Every year as my birthday approaches, I find myself thinking "have I done everything I wanted to do at this age? Is there anything I still want to do as a 24 year old?" I think that this year I can confidently say that I am so happy exactly where I am. There are so many dreams to be fulfilled, things I want to do, and learn, but today I am content.
Perhaps I'm starting to learn that life is an ongoing adventure, and that each stage of life should be enjoyed to the fullest, for exactly what it is. For me, this is a pretty remarkable statement, because I am usually the one constantly thinking of and planning for the future. And believe me I have lots of plans for the future! However, today I just want to be the 25 year old version of myself. I want to spend time with my husband and my friends.
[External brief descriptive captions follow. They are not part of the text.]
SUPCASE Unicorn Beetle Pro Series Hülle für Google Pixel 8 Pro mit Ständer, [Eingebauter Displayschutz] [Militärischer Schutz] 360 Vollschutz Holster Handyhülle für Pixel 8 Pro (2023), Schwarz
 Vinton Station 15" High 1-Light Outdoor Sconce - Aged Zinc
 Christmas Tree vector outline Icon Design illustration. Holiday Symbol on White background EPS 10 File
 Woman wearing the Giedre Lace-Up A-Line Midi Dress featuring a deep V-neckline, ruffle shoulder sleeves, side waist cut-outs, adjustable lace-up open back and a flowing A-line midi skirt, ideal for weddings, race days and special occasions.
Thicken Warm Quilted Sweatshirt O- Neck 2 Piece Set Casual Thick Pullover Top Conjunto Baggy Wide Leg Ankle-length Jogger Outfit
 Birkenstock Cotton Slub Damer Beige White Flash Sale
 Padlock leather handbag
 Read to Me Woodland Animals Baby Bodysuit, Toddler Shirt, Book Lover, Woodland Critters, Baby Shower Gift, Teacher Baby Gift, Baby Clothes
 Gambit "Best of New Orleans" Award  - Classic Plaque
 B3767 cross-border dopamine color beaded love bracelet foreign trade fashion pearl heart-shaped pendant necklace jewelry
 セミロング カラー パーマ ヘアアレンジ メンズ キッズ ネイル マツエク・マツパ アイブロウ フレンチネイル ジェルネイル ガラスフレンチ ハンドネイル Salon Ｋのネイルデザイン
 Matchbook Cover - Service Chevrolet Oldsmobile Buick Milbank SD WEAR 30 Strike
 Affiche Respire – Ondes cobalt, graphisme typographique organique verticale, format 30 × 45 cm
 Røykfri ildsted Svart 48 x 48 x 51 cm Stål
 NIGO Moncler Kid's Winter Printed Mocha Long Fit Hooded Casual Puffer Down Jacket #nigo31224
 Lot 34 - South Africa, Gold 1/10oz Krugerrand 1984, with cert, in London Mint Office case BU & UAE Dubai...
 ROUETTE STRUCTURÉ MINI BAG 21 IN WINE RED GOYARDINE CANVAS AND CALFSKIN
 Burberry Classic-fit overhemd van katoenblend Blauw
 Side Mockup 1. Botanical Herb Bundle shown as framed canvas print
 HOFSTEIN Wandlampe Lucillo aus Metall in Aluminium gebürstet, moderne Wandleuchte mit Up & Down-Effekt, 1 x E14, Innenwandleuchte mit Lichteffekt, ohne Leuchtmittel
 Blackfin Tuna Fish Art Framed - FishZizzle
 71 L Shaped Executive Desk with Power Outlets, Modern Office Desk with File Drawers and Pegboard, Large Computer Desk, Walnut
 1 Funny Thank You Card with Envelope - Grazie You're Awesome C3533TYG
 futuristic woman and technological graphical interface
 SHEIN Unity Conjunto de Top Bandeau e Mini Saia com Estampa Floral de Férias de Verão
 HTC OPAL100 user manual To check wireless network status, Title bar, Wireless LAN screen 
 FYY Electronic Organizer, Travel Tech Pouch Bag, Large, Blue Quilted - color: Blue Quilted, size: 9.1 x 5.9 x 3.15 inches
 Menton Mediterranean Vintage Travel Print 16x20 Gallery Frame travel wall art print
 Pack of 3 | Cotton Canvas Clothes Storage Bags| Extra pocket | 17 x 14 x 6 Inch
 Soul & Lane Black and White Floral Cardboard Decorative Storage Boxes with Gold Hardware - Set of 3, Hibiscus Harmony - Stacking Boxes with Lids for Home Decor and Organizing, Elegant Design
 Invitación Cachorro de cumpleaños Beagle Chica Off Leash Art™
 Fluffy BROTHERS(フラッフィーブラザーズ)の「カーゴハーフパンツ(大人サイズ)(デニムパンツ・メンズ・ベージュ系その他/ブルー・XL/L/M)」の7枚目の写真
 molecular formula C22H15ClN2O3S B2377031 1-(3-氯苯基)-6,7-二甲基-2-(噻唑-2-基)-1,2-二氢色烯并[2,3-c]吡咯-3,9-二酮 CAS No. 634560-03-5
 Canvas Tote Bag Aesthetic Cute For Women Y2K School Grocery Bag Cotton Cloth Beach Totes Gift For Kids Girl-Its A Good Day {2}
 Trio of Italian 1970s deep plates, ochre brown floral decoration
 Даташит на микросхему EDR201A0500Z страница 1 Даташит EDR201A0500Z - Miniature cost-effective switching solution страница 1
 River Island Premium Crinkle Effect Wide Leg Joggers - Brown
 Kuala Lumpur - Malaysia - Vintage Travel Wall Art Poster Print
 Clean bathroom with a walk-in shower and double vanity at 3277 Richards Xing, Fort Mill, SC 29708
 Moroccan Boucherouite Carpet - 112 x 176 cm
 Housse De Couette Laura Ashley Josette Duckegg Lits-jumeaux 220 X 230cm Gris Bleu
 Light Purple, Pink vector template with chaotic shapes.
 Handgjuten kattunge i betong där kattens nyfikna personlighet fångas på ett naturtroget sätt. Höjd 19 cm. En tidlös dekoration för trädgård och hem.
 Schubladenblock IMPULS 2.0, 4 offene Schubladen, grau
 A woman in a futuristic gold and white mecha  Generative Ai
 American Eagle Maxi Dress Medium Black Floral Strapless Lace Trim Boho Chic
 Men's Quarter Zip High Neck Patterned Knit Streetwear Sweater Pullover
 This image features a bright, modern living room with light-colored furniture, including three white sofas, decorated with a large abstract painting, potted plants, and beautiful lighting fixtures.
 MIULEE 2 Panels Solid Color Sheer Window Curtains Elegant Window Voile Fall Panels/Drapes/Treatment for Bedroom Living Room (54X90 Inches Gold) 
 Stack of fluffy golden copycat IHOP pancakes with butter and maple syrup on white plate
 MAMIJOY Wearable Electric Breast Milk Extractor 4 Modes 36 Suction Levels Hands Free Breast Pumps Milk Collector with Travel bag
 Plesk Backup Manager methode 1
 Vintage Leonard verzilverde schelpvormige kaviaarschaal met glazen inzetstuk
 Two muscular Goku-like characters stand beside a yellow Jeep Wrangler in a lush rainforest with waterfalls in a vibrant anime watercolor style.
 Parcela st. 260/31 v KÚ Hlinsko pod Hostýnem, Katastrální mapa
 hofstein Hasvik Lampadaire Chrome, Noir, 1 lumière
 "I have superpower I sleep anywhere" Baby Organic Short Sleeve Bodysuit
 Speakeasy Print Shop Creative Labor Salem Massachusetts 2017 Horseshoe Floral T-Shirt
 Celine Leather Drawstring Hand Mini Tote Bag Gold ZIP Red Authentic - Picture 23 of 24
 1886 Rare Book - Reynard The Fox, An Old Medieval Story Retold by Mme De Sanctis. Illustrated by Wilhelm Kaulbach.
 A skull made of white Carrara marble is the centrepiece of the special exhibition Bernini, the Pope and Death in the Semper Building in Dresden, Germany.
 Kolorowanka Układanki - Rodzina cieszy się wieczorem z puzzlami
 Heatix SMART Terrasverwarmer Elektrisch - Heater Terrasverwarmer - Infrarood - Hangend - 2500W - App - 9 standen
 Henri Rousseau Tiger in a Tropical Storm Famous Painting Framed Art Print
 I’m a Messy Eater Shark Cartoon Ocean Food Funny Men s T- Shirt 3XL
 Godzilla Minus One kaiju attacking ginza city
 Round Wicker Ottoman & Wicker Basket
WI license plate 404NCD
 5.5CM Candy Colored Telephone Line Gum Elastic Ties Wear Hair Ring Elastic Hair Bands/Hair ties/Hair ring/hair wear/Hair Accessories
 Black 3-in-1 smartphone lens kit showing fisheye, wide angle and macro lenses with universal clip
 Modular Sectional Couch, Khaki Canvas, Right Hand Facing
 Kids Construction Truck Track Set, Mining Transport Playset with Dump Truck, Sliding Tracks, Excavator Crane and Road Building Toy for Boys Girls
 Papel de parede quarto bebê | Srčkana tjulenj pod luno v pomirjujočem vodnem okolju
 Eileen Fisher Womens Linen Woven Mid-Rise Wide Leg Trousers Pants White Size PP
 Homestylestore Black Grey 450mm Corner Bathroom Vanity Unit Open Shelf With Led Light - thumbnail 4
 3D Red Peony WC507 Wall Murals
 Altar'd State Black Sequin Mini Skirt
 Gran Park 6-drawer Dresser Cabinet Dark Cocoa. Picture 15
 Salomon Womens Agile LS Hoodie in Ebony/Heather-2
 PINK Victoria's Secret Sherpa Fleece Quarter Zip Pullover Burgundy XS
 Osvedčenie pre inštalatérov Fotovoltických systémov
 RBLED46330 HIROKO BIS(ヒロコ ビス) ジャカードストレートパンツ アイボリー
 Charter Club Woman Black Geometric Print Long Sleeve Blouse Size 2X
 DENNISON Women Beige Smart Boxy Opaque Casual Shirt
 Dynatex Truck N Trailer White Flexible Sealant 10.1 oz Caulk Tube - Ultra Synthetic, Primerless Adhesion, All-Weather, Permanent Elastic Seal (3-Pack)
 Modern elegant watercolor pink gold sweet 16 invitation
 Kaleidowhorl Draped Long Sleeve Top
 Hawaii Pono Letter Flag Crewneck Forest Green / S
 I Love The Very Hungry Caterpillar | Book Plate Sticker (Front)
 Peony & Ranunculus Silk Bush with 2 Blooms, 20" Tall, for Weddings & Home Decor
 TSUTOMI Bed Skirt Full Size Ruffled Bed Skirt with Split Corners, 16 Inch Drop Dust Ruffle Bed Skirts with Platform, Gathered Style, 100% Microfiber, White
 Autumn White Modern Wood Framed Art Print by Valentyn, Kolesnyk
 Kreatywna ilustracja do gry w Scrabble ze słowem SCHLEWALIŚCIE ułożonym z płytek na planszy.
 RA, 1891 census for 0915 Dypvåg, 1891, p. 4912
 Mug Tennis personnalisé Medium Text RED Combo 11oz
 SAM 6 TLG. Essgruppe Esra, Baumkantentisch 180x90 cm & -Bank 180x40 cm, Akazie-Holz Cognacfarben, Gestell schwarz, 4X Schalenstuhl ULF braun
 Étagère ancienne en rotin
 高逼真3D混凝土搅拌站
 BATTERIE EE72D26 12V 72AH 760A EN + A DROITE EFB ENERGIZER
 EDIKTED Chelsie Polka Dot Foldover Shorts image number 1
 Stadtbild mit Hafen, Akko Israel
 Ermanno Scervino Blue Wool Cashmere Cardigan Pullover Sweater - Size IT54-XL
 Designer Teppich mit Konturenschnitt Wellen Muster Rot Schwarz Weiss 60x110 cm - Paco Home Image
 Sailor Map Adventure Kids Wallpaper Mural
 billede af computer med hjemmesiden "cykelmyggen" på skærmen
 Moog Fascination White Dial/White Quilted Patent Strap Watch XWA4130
I want to stay up later than I should, drink mimosas with the girls at Sunday brunch, and push myself to run a half marathon.
I want to discover this city, the world, and myself with my wonderful husband by my side. I want to try all kinds of new things and go new places. I heard a quote the other day about turning 25... "it's an age where you have the perfect combination between youthful exuberance and wisdom." I love that! So true! I love the fact that I'm a responsible adult, I'm independent, and I can take care of myself. I love that I have a successful career, and that I have moved beyond being a crazy partying college kid. Yet, I still feel that I have a youthful optimism that I hope to always have.
When I think about where I want my life to be in 5 years, it's such a different picture. I've always pictured that in my 30's I would have a family, and revel in all the joys of raising children. So, for the next few years, between now and then, I have so many things I want to do for me. Travel the world, learn a new language, get lost on a road trip to nowhere, and just live life out loud!